Tuesday, March 31, 2009

Python strings and bytes

At the PyCon sprints, we looked into a lot of bugs in the standard library caused by interactions between strings and bytes.  (A string holds a sequence of characters.  A bytes object holds a sequence of bytes, e.g. 0-255.)  I help maintain httplib and urllib, which read raw bytes from a socket and often convert them into strings.  The details of those conversions are sometimes tricky.  The rules for strings and bytes changed drastically in Python 3.0.  Most of the standard library was converted from old to new automatically (by 2to3), and many of the times those conversions were incorrect.

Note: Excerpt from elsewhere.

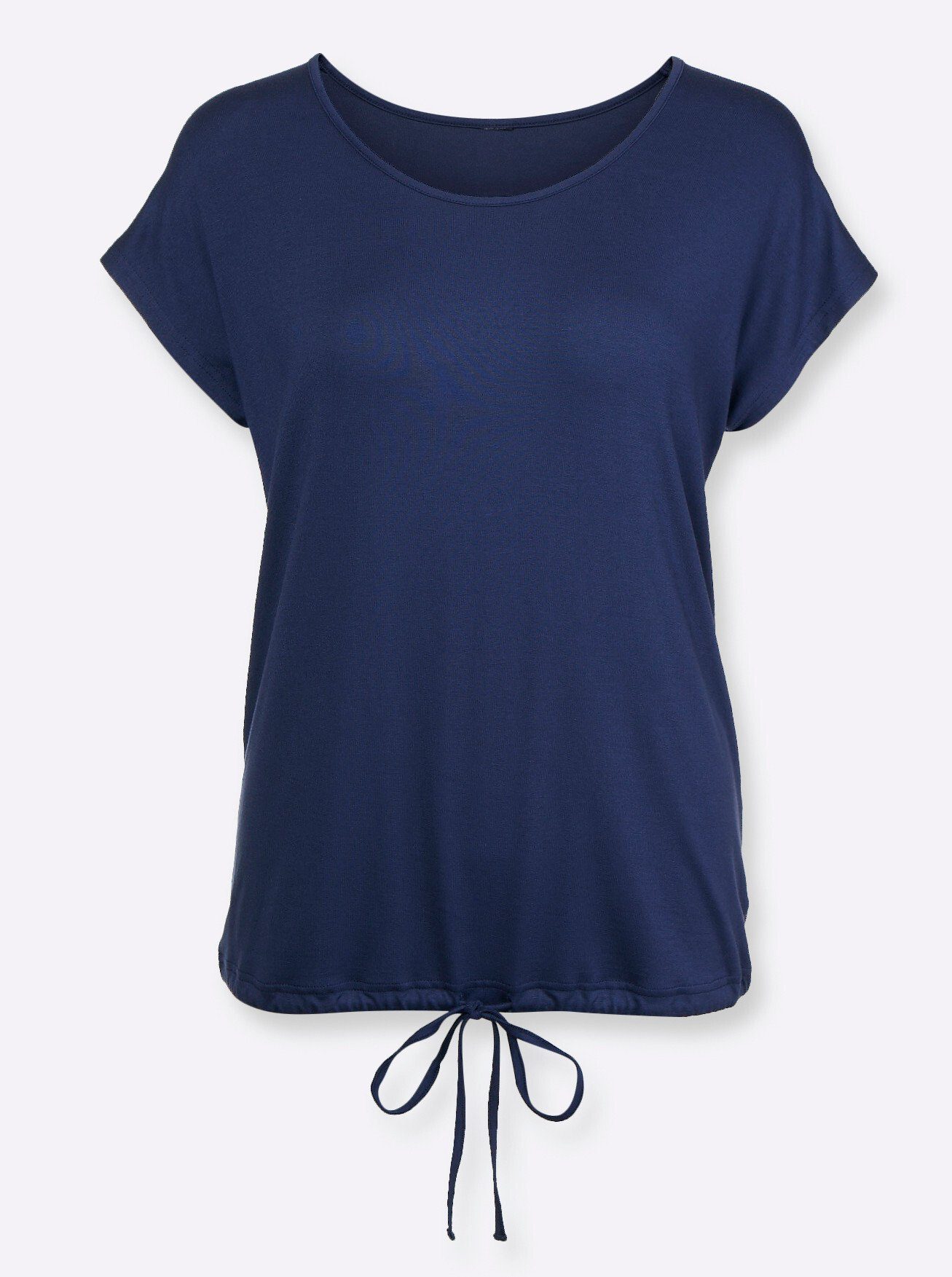 Witt Schlafanzug Schlafanzug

A harmless example comes from httplib where an if / elif statement had tests from strings and for unicode strings.  They were both converted to test for strings by the conversion tool.  The code looked like this:

    if isinstance(buf, str):  # regular strings

        # do something
    elif isinstance(buf, str):  # unicode strings
        # do something else

In this case, the second branch could be deleted.  In other cases, the effects were harmful.  If you passed a bytes object as the body argument in an HTTP request--passing form params for a POST reply is a common case--the bytes object would be converted via str() to a string.

    >>> body = b"key=value"
    >>> str(body)
    "b'key=value'"

That is, str() uses repr() to convert bytes to a string.  That's simplfy incorrect.

It will take a long time to sort out all of these problems.  We don't have a lot of experience from application developers who are using Python 3.0, so we have to invent solutions as we go along.  We're likely to make mistakes or at least make sub-optimal API decisions.

I can of think of two things that would help us make progress. 

First, we ought to organize a systematic effort to review the standard library.  How many of the libraries have plausible tests that exercise strings and bytes?  For example, the json library was carefully tested with strings and unicode in Python 2.x.  Those have all been converted to strings, so now we have a thorough set of tests for strings and none at all for bytes.

Second, we need to collect a set of best practices for writing libraries that support bytes and unicode.  A typical pattern is that bytes get sent on the wire.  (Wires, almost by definition, send bytes.)  The applications that use the wire usually want to deal with strings, which means they need to have some way to specify an encoding to use when send to or read from the wire.  We could start by collecting all the patches and bug fixes that have gone into Python 3.1 to fix string and bytes problems with 3.0.

1 comment:

Kevin said...

I am using the python json library to get json content which is returned in bytes. But as I convert it to string using str(), I face the problem that you mentioned above.

So the json.loads cannot directly work on it.